▶ _Work to be completed_: The copy you produce must hold every record exactly, and none of the images.

(Short web captions)
▬▬▬▬▬▬
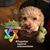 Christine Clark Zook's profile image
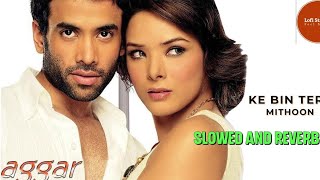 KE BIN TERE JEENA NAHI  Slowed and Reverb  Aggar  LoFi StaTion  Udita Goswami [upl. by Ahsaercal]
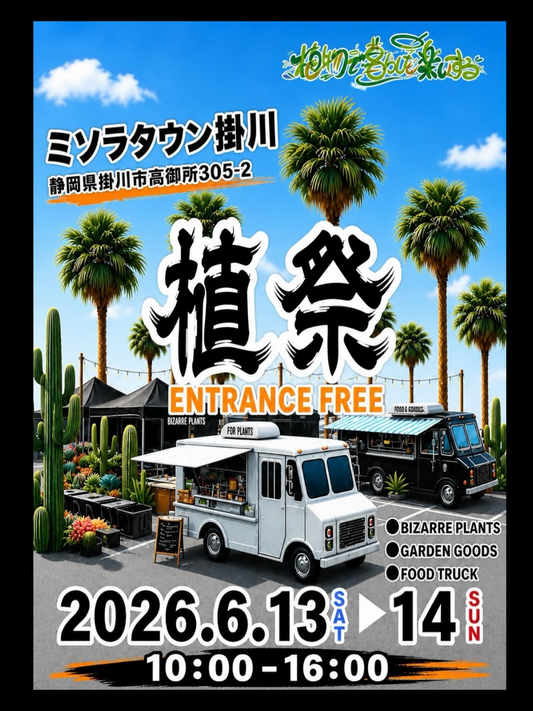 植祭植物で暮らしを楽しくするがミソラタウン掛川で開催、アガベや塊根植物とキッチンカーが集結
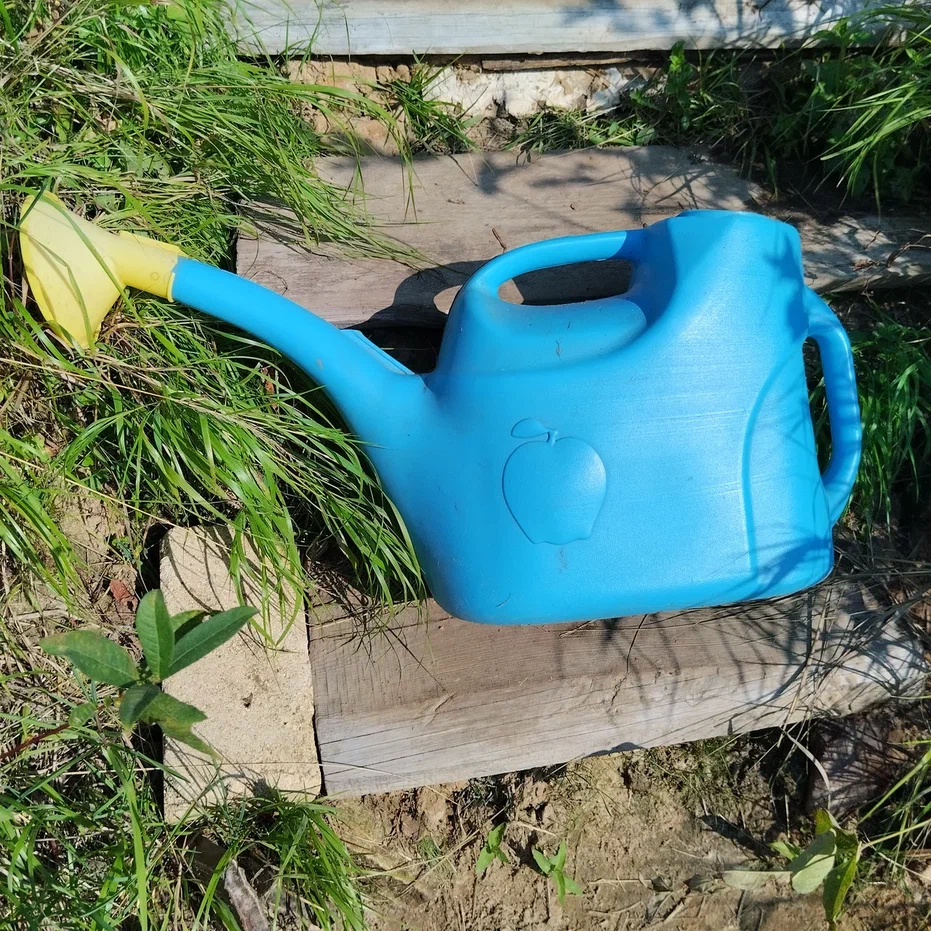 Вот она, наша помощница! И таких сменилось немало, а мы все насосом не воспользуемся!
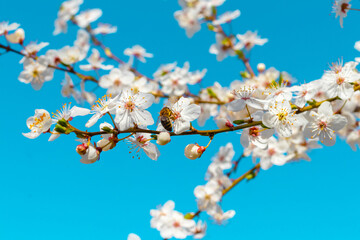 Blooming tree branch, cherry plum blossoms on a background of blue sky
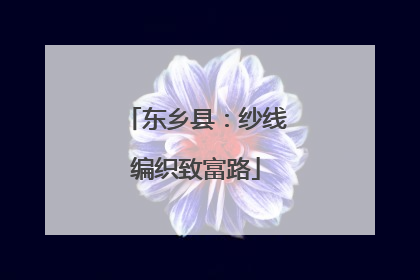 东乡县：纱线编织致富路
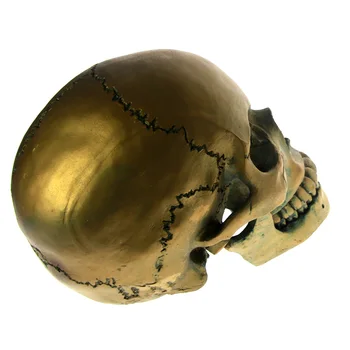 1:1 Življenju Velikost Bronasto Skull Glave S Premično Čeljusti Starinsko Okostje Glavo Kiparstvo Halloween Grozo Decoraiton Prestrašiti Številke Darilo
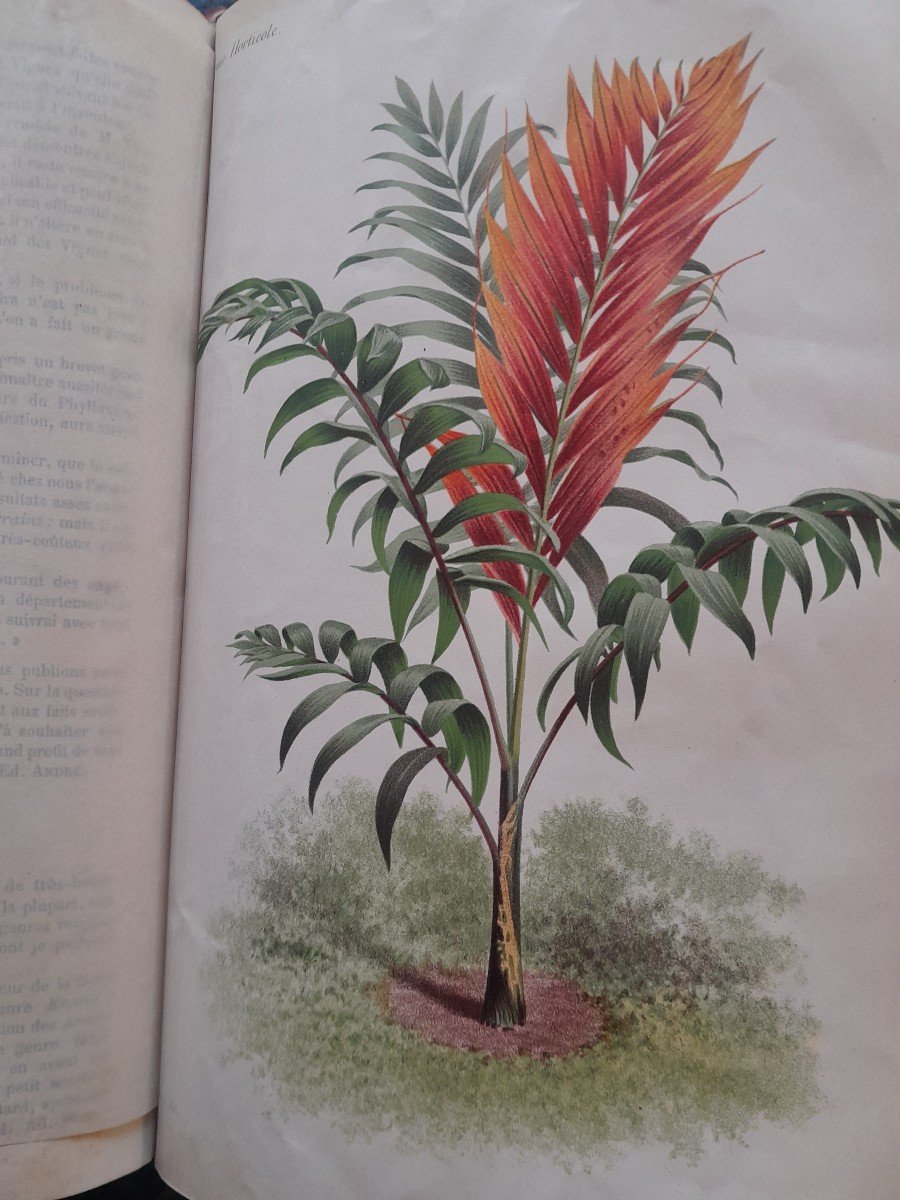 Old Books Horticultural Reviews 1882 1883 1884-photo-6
▬▬▬▬▬▬
▶ _Solution to this problem_:
 Christine Clark Zook's profile image
 KE BIN TERE JEENA NAHI  Slowed and Reverb  Aggar  LoFi StaTion  Udita Goswami [upl. by Ahsaercal]
 植祭植物で暮らしを楽しくするがミソラタウン掛川で開催、アガベや塊根植物とキッチンカーが集結
 Вот она, наша помощница! И таких сменилось немало, а мы все насосом не воспользуемся!
 Blooming tree branch, cherry plum blossoms on a background of blue sky
 东乡县：纱线编织致富路
 1:1 Življenju Velikost Bronasto Skull Glave S Premično Čeljusti Starinsko Okostje Glavo Kiparstvo Halloween Grozo Decoraiton Prestrašiti Številke Darilo
 Old Books Horticultural Reviews 1882 1883 1884-photo-6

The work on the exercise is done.